What the exercise asks: Leaving out each picture, transcribe the lines of the listing below exactly from the first through the line that contains "All right so".

Data in this exercise:
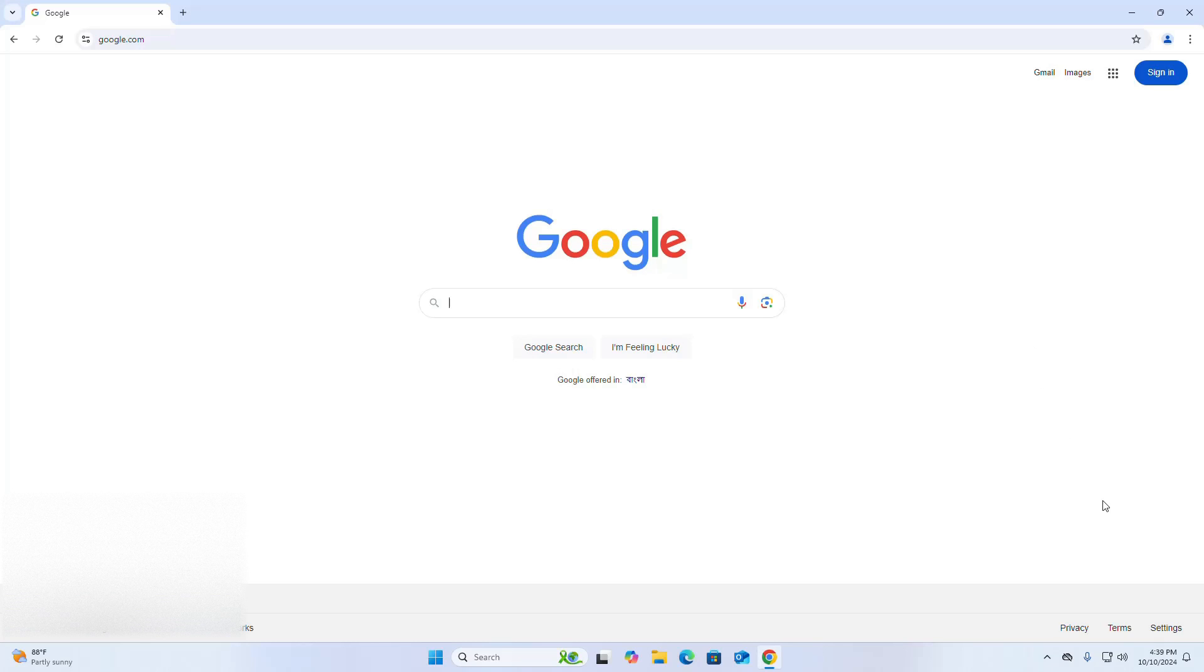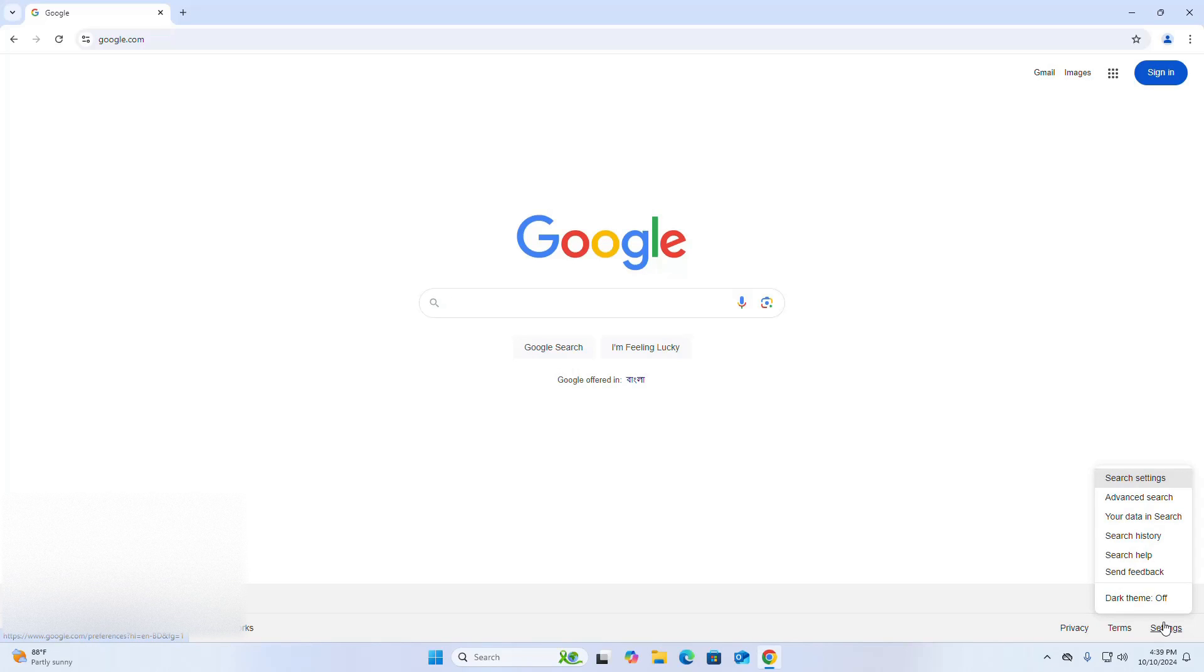Here you will find settings. Click on the settings, and then click on the search settings.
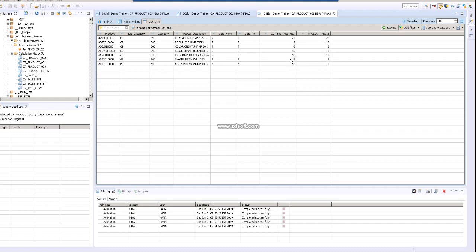So this is how you can do a calculated column in a calculation view. Thanks for watching. In our next video, we'll do how to create a calculation using input parameters. Thanks for watching, have a good day, bye.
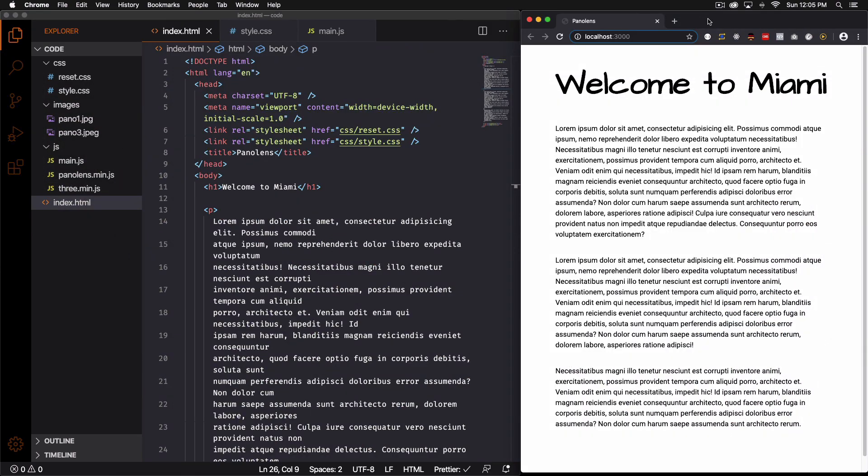All right so this is my website. Very simple. It says welcome to Miami. Some paragraph and my goal here is to add a beautiful photo, a panoramic photo of somewhere in Miami here in between these two paragraphs.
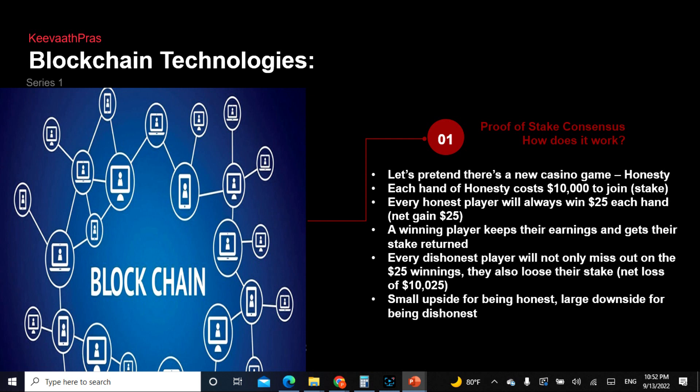Say suppose there is a new casino game — a hand of honesty — and everything costs like ten thousand dollars to join because you put a stake. Every honest player will win twenty-five dollars for being honest. Whoever confirms that a player is right, the winning player gets to keep the twenty-five dollars and also the earnings.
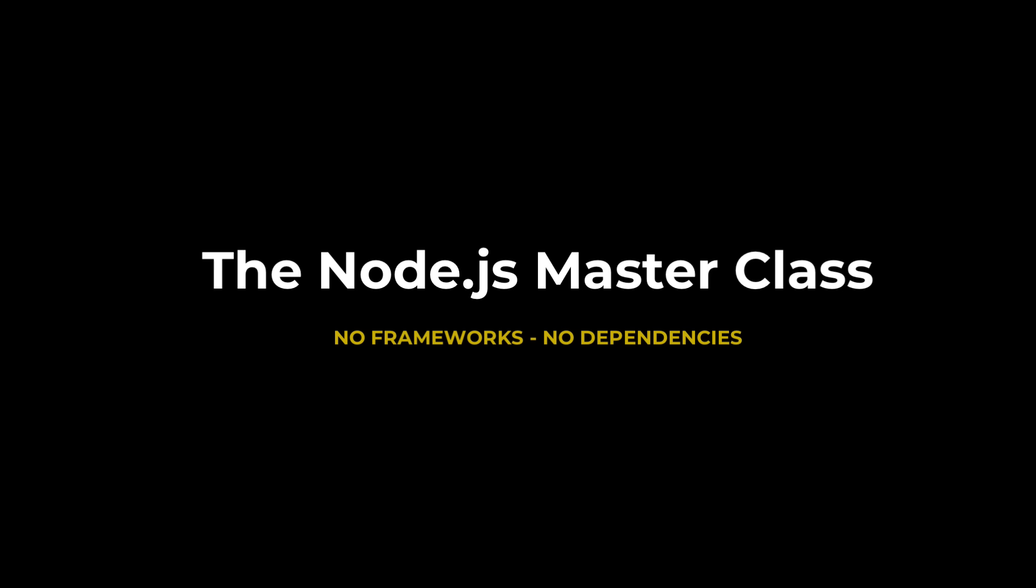Welcome to the Node.js Masterclass, where you're going to learn to build applications in raw Node.js with no frameworks and no external libraries.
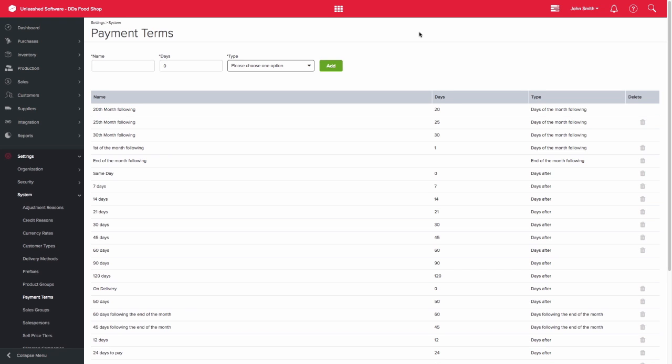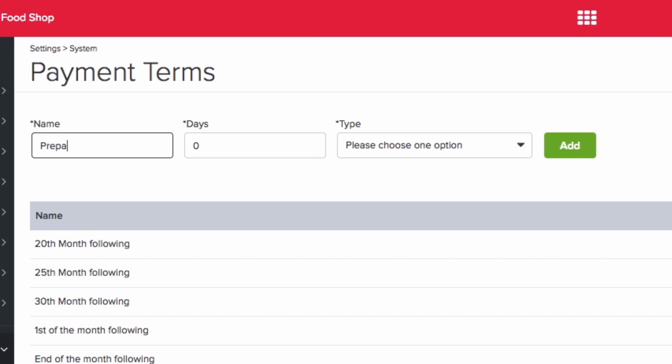To create a new payment term, simply enter the name in the field provided. So let's say that I need to set up a prepaid payment term for goods where I require payment upfront. Then enter the relevant days for this payment term. So I'll leave mine at zero for this example.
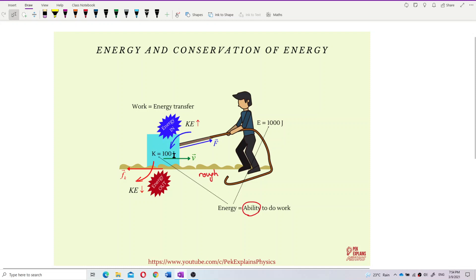The work that can be done by this object is to overcome the frictional force. So this object has the ability to do work to overcome the friction of the rough surface. When this object does work to overcome the frictional force, it loses energy — energy out of the object. As a result, the kinetic energy of this object will decrease.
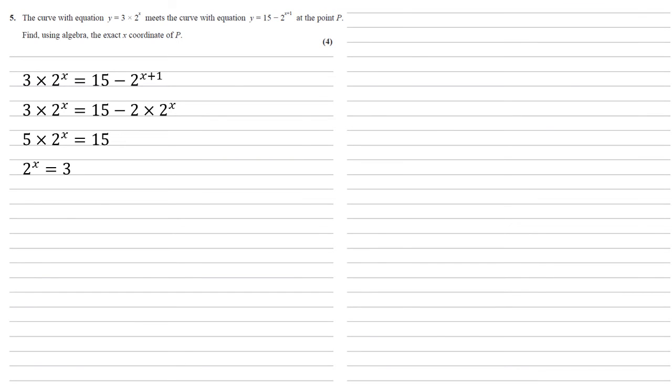Dividing by 5, we get 2 to the x equals 3. And using logarithms, we've got a base of 2 equaling 3, so x is equal to log base 2 of 3.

Answer to this exercise:
Here you will find settings. Click on the settings, and then click on the search settings.
So this is how you can do a calculated column in a calculation view. Thanks for watching. In our next video, we'll do how to create a calculation using input parameters. Thanks for watching, have a good day, bye.
All right so this is my website. Very simple. It says welcome to Miami. Some paragraph and my goal here is to add a beautiful photo, a panoramic photo of somewhere in Miami here in between these two paragraphs.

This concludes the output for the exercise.